The unreliability of supply from the wild, because of environmental and climatic factors, has been pulling down its potential as an aquaculture stock.

“About less than one per cent comes from hatcheries and the rest are from wild,” Sebastian S. Mosha, principal investigator at the Africa Research Project Foundation (ARPF)-Tanzania, told Hatchery International. “Due to this, the most cultured species is tilapia which account almost 75 per cent of total aquaculture production in Tanzania.”

The low survival rate from larval to fingerling stage is seen as a disincentive in investing more in African catfish hatchery.

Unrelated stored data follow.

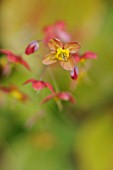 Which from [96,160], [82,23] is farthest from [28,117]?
[82,23]

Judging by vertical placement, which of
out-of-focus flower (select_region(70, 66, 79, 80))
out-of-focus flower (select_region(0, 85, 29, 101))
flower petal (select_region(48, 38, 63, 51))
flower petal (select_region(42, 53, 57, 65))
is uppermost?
out-of-focus flower (select_region(0, 85, 29, 101))

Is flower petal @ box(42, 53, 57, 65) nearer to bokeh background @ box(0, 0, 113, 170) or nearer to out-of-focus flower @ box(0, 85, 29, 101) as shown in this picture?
out-of-focus flower @ box(0, 85, 29, 101)

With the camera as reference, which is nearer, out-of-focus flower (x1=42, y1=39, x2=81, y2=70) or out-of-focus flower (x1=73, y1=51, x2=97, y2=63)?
out-of-focus flower (x1=42, y1=39, x2=81, y2=70)

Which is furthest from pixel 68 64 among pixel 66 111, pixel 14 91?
pixel 66 111

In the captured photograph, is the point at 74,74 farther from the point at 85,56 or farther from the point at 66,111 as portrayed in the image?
the point at 66,111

In Effects of different catfish pituitary gland extract dosages on eggs and hatchlings quantity of African catfish, Clarias gariepinus at a constant latency period, Mosha and Frank T Mlingi, assistant lecturer at the Department of Animal, Aquaculture and Range Sciences at Sokoine University of Agriculture in Tanzania, recommended a dosage of 4 mg of pituitary gland extract injected per kg of African catfish. Each dosage extracted from a male (300 g to 305 g) was injected to individual female (350 g to 355 g) at three replications and a total of 12 females were injected.

The study was published in the Journal of Aquaculture Research & Development. “The results indicated that as pituitary gland extract dosages increased, egg and hatchling quantity also increased,” Mosha and Mlingi cited in the study.

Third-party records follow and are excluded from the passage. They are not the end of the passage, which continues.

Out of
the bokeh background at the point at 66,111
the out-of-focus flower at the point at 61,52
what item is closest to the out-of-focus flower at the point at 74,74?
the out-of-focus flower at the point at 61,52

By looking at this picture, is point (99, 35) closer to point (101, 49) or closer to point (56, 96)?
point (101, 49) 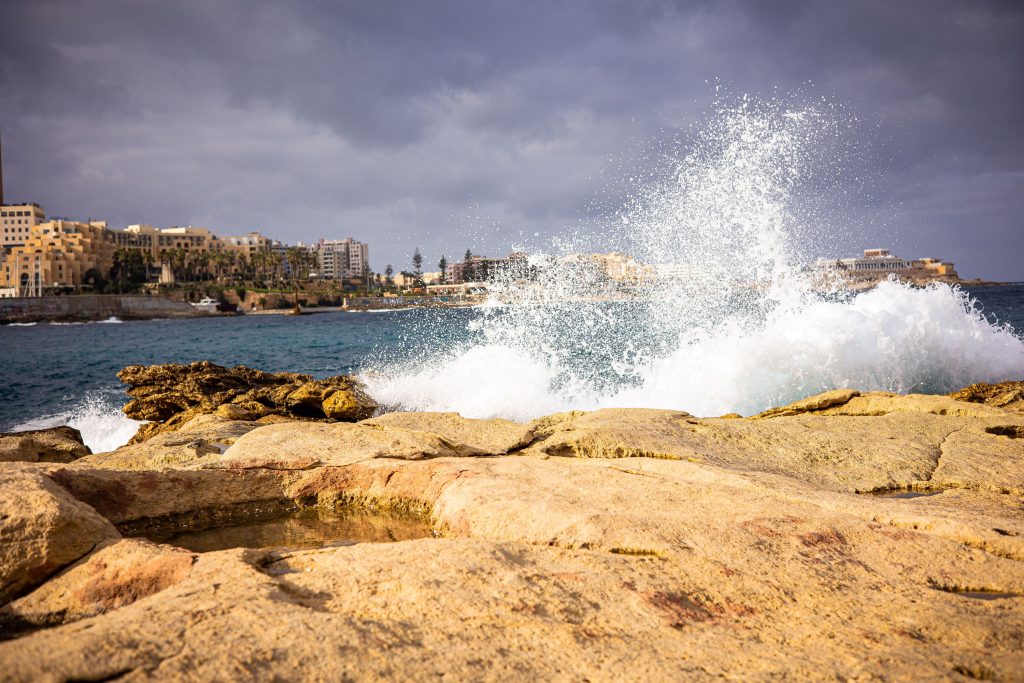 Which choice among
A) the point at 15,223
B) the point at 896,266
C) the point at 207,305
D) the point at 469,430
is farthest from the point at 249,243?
the point at 469,430

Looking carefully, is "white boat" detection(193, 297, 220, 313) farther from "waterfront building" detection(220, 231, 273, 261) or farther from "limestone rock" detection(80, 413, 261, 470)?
"limestone rock" detection(80, 413, 261, 470)

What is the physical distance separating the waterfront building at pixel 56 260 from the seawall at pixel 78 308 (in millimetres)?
19199

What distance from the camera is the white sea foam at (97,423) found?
12.8 metres

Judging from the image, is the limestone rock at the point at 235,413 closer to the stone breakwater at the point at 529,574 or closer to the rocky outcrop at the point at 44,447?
the rocky outcrop at the point at 44,447

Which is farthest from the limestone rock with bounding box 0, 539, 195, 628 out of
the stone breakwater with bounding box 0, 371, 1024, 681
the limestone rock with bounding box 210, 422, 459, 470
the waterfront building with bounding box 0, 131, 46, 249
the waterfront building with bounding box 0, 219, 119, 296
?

Pituitary gland is the main source of the major hormones responsible for reproduction in animals. The rule of thumb is for the pituitary gland extract to come from a fish of equivalent weight to the female spawned.



The study could be very helpful in assisting hatcheries in producing C gariepinus fry. He acknowledged, though, that there are two major challenges.

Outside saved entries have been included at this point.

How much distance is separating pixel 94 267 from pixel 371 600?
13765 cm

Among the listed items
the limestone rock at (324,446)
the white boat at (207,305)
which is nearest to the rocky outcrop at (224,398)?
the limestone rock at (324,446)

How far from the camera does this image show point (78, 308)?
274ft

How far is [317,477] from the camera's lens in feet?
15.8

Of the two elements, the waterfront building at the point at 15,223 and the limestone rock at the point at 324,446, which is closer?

“First, there is lack of supporting funds for implementing the technology. However, I am planning in the future to write a proposal to request some funds from different provider organizations.

“Second, many hatchery managers might be aware of the technology but still they can’t produce sufficient number of fingerlings at a cheap price due to high mortality of catfish larvae at the early stage. This problem can be overcome by investing more in live feed production industry, which is not available,” he said.

There is only a 20 per cent survival rate from larval to fingerling stage.

In the study, they stressed that while there has been progress in aquaculture and technology on ovulation and spawning induction for some important commercial finfish, the exact catfish pituitary gland extract dosage for ovulation and spawning induction remains the bottleneck in C. garipeninus production.

“The proper use of quantified catfish pituitary gland extract dosage seems to be one of the solutions to improve egg quantity and hatching rate,” they said.